Series I Bonds, Yes 9.62%

From the Archives of TGIF 2 Minutes (original post May 13, 2022) to reflect my recent purchase of I-Bonds and continued questions received:

“What are I Bonds?” The “I” in I Bonds stands for Inflation, which is why these bonds are so HOT at the moment. (Note: inflation overall is clearly not a good thing; I Bond interest rates may be one of the only things that benefit from skyrocketing inflation.)

You can skip this entire post and simply go to and click on “How to buy Series I” under the column, “Individuals”. The website is written – literally – as if a third grader could understand it. See the * and ** footnotes below.

The “I Bond phenomenon” has heated up in the past eighteen months with the spike in inflation. Their current, high interest rate warrants taking a look.
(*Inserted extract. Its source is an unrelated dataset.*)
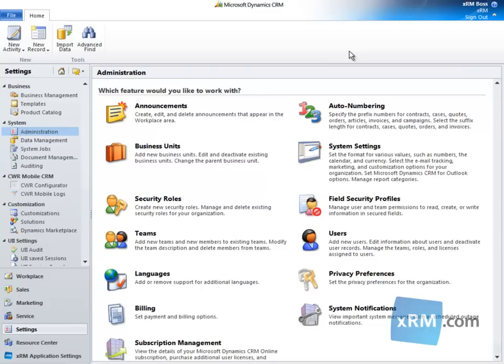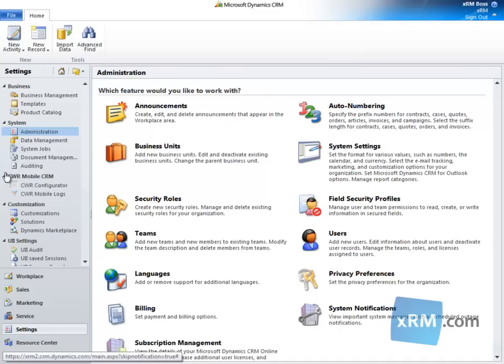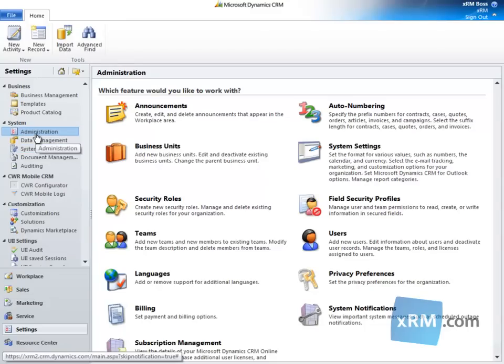We begin by navigating to Settings, System, Administration, and then clicking Auto-Numbering.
Inflation is higher in 2022 than it has been in over 40 years – longer than lots of TGIF 2 Minutes readers may have been alive, and certainly longer than lots of readers have been working for, earning and spending “real money”.

“Real money” is what a person really earns after inflation: workers earn a dollar, possibly save part of that dollar, then spend most of what is left over; inflation eats away at the “left over” or saved amount. Meaning less goods and services can be purchased the next month or year. The term “real return” is the investment return after inflation: if an investment earns 10% and inflation is 7%, then the real return is only 3%. Bottom line, today’s high rate of inflation is decreasing the value of workers’ savings and investment returns.

Enter I Bonds. A few fast facts:*

  • I Bonds were first issued in 1998 and are a form of US Savings Bonds.
  • US Savings Bonds are NOT FDIC insured but ARE backed by the full faith and credit of the US government.
  • I Bonds, specifically, are issued with an interest rate that is based on:
  • a fixed rate + an (assigned) inflation rate.**
  • I Bonds have a maturity of 30 years BUT can be sold as little as 12 months after purchase BUT if sold less than 5 years after purchase will forfeit 3 months of interest.
  • Interest is “paid” to the purchaser when the bond is sold or redeemed; interest is earned and compounds semi-annually and is tacked on to the principal value of the bond.
  • Interest is then earned on the new, higher principal value of the bond (which is pretty cool).
  • Here is the hottest fact of all: today’s initial rate on new Series I Savings Bonds is 9.62% through October 2022.

Here are more “small print” facts about I Bonds that are slightly more limiting:

  • A maximum of $10,000 of I Bonds can be purchased per person per year ($20,000 for married couples).
  • Rates are reset every 6 months on May 1st and November 1st.
  • Interest on I Bonds is federally taxable but not taxed at State and local levels. (So, the $962 earned this year is only about $606 to $721 after taxes for higher tax bracket people; although double or more for multi-year purchasers and married couples.)
  • The earnings rates on I Bonds issued as recently as November 2020 and March 2021 were 1.68% and 3.54%, respectively, when inflation was lower. After taxes, not a lot!
  • I Bonds cannot be purchased through a broker or in IRA accounts.
  • I Bonds must be purchased directly from the US Treasury either online by opening an account through OR by somehow buying “paper bonds” through the US Treasury (max purchase drops to $5,000).

The “I Bond phenomenon” has heated up in the past eighteen months with the spike in inflation. Their current, high interest rate warrants taking a look.


**the “inflation rate” used in calculating I Bonds is not the actual rate of inflation but can roughly correlate with the published rate of inflation.